How The Last Emperor opened doors for more China co-productions and offered a balanced view of its complicated past
- Bernardo Bertolucci’s 1987 epic was the first to be made with the Chinese government’s support, and the first allowed to shoot inside Beijing’s Forbidden City
- It portrayed the life of China’s last monarch, Puyi, and has been hailed for its frank insights on the political history of China

Bernardo Bertolucci’s The Last Emperor (1987) is a film of many firsts.
An epic drama about the life of China’s last monarch, Puyi (1906-1967), it was the first Western movie to explore modern Chinese politics in detail; the first to be made with the Chinese government’s support; and the first allowed to shoot inside Beijing’s Forbidden City.
It also won Oscars for all nine of the categories in which it was nominated, a record only beaten by The Lord of the Rings: The Return of the King, which won 11 out of 11 in 2003.
Although not an official co-production – the US$25 million budget was raised independently by producer Jeremy Thomas from outside China – the film pioneered a mode of international cooperation that would flourish in years to come.
After all, you don’t get much more cosmopolitan than a film directed by an Italian, produced by an Englishman and shot in Asia – in English.
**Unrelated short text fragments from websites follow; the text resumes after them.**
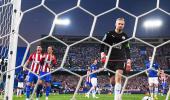 Controversial Griezmann penalty gives Atletico edge over Leicester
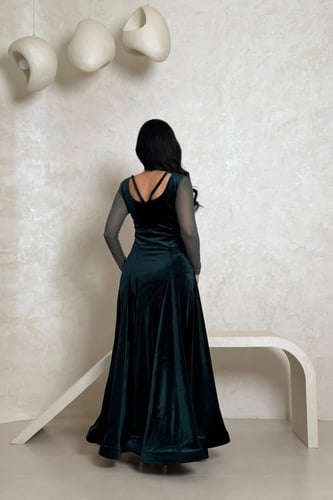 فستان مخملي زيتي بتصميم راقٍ وأكمام شفافة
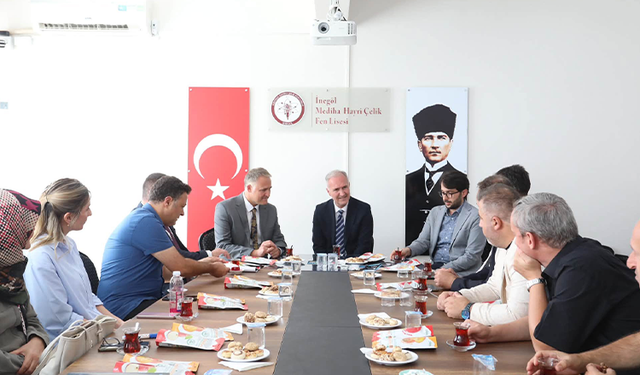 İnegöl Belediyesi’nden Mediha Hayri Çelik Fen Lisesi’ne semt sahası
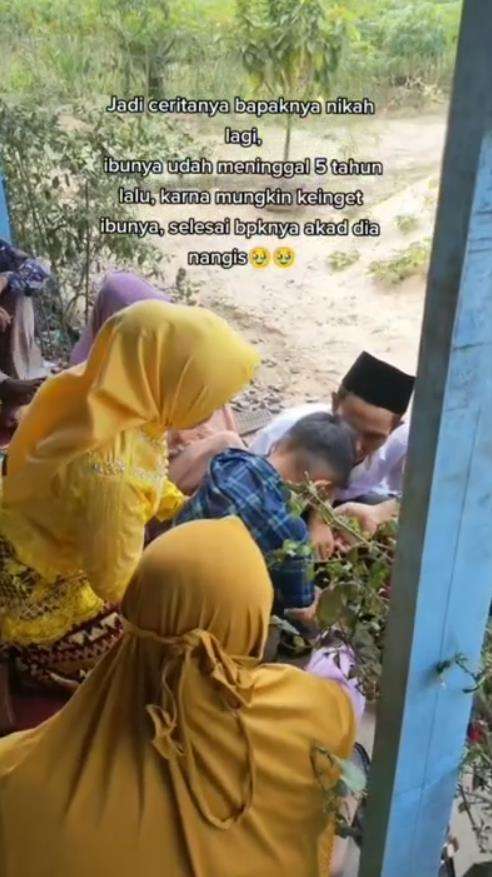 Ayah nikah lagi, bocah ini nangis teringat almarhumah ibunya.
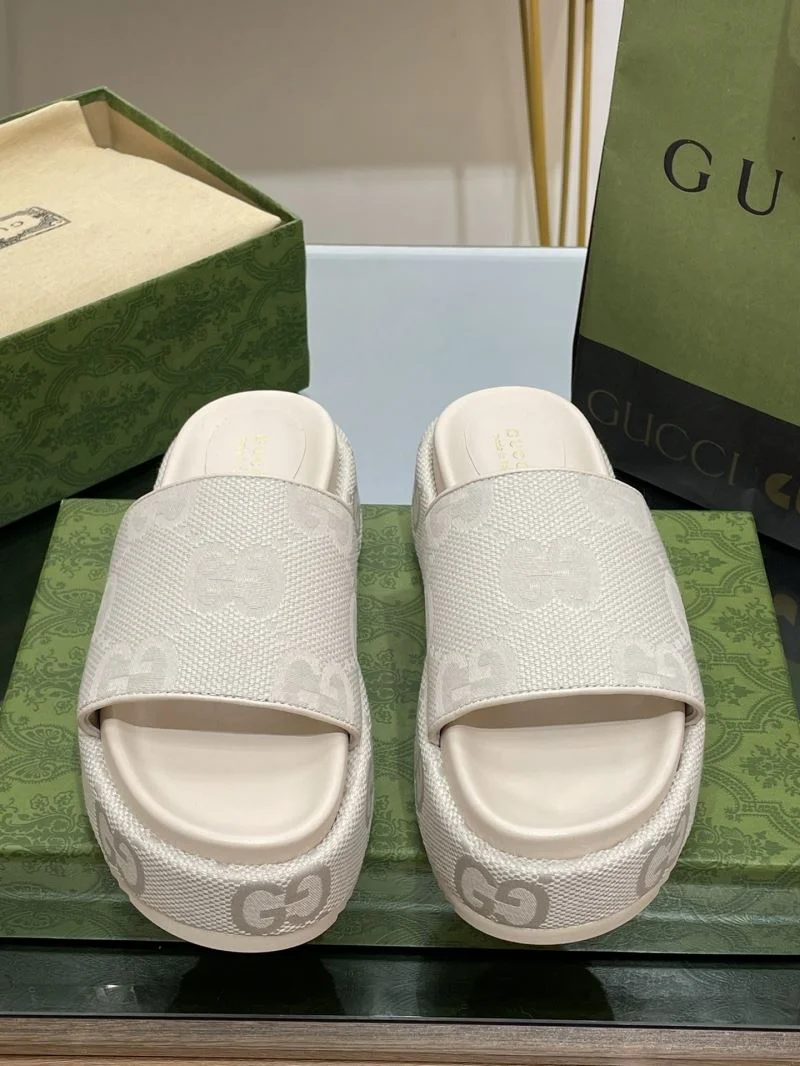 Comfortable Gucci Slippers 24678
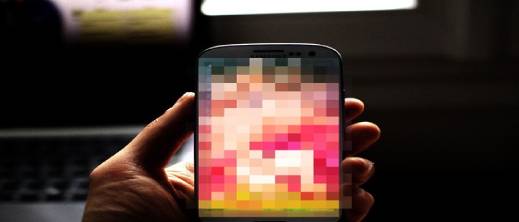 بآلاف-الدراهم.-شبكة-إباحية-تستدرج-القاصرات-وتصور-مقاطع-مخلة-بالرباط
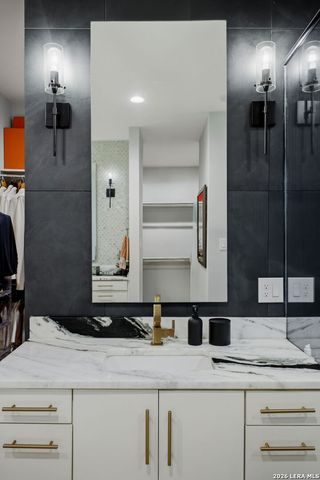 29606 No Le Hace, Fair Oaks Ranch, TX 78015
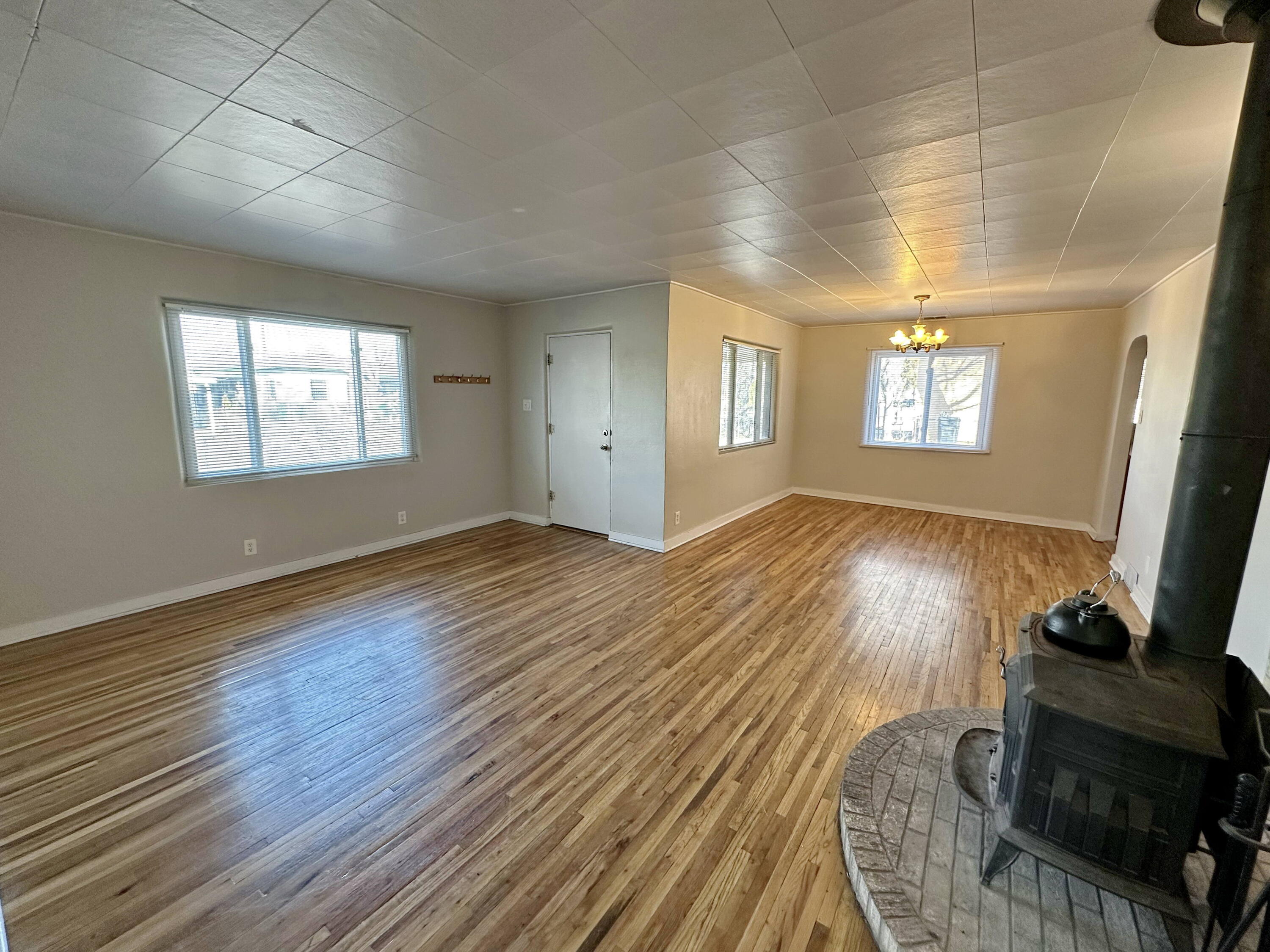 Photo 18 — 2620 Marble Avenue NW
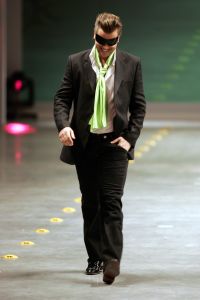 31-10-2006 SHOWBIZZ; PREMIERE VAN EERSTE MODESHOW VAN GORDON. Gisterenavond was het dan zover de eerste modeshow van Gordon in het confectiecentrum te Amsterdam. By Gordon was het thema, niet spectalulair maar gewoon leuk om te zien, mooie mannen sierden de catwalk en als verrassing liepen Ruud Gullit-Winston Post en Winston Gerstanowitz mee. Rita Verdonk overhandigde de eerste nieuwe  CD aan Gordon. De nieuwe vriend van Gorden Bartho Boer nipte een traantje weg van geluk.Erg veel pers was aanwezig die zich verdrongen om foto s van het nieuwe paar te maken, familie van Gordon ergden zich aan de fotografen en gooiden moedwillig een aantal wijntjes richting de fotografen, terwijl Gordon deze mensen zo hard nodig heeft om zijn middelmatige mode te promoten. Vele Bn ers waren niet aanwezig zodat Gordon zich moet afvragen wie zijn vrienden wel en niet zijn.
foto: Albert den Iseger.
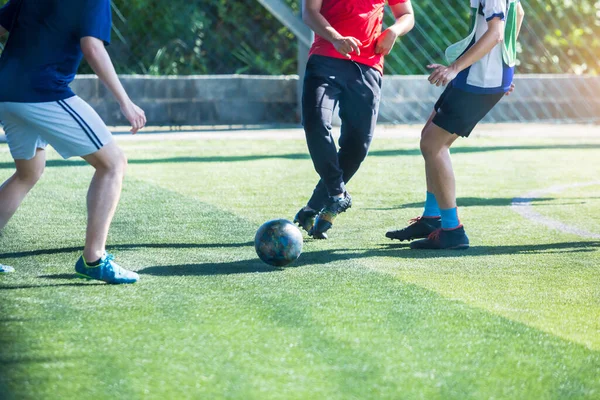サッカー選手のコントロールに焦点を当て ゴールキーパーと目標にボールを撃つ ゴールキーパーと戦うサッカー選手 — ストック写真
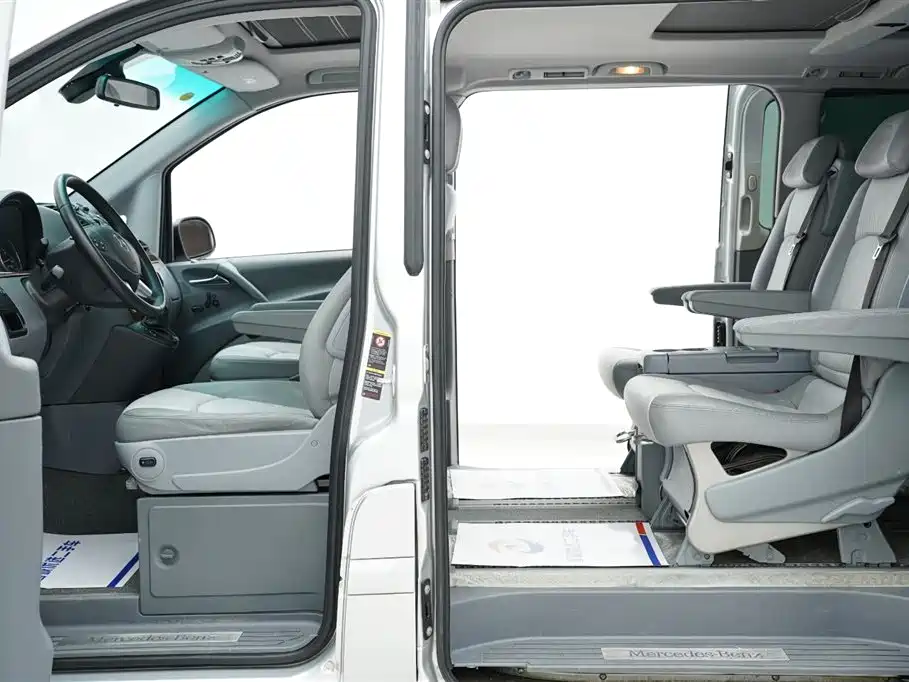 Mercedes-Benz Viano (Import) 2006 Viano 3.2L фото 11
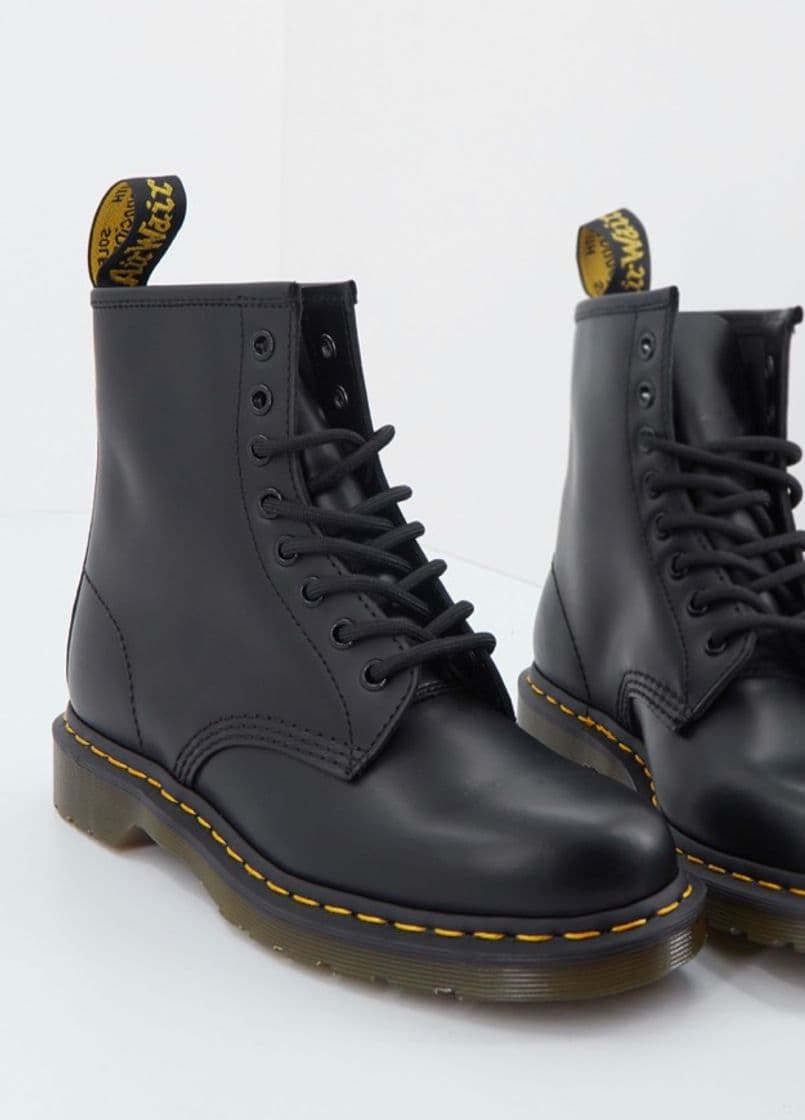 Moda DR. MARTENS EYE SMOOTH color NEGRO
We first meet the forty-something Puyi (John Lone) as he arrives at Fushun Prison, a “management centre” for war criminals, in 1950. The film then cuts back to his youth in the Forbidden City in the early 1900s, where the young Puyi (played at different ages by Richard Vuu, Tijger Tsou and Wu Tao) is crowned emperor and confined to the palace as new regimes rise and fall around him.